Data for processing:
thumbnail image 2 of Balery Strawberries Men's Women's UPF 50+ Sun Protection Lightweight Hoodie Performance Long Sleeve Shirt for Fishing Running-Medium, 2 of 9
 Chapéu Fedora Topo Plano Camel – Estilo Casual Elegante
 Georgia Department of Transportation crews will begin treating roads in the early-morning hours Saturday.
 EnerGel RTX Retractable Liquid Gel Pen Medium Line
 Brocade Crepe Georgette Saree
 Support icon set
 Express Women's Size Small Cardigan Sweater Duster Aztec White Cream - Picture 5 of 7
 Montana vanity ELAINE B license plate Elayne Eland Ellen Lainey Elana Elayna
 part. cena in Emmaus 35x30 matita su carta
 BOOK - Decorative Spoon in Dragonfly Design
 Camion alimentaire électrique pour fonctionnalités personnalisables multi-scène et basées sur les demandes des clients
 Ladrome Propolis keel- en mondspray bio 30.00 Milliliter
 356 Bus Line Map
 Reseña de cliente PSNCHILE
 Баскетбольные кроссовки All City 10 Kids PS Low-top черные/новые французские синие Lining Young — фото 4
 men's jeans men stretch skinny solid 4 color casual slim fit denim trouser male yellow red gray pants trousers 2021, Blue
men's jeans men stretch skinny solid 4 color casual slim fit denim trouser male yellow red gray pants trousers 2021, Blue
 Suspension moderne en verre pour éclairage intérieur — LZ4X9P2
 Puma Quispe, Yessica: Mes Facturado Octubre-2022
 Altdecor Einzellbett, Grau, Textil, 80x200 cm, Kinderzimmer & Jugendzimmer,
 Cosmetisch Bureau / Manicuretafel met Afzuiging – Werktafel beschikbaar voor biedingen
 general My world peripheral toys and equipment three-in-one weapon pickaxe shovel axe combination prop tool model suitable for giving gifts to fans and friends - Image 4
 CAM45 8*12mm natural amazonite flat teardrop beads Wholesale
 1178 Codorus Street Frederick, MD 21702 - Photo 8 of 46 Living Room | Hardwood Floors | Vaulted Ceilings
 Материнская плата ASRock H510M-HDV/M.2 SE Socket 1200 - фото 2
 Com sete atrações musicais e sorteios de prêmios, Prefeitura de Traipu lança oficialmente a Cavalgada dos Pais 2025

What you should do: Where the listing above reaches the line that contains "Georgia Department of", start retyping, and finish with the line that contains "Express Women's Size"; reproduce those lines exactly and no others.

Result for this exercise:
 Georgia Department of Transportation crews will begin treating roads in the early-morning hours Saturday.
 EnerGel RTX Retractable Liquid Gel Pen Medium Line
 Brocade Crepe Georgette Saree
 Support icon set
 Express Women's Size Small Cardigan Sweater Duster Aztec White Cream - Picture 5 of 7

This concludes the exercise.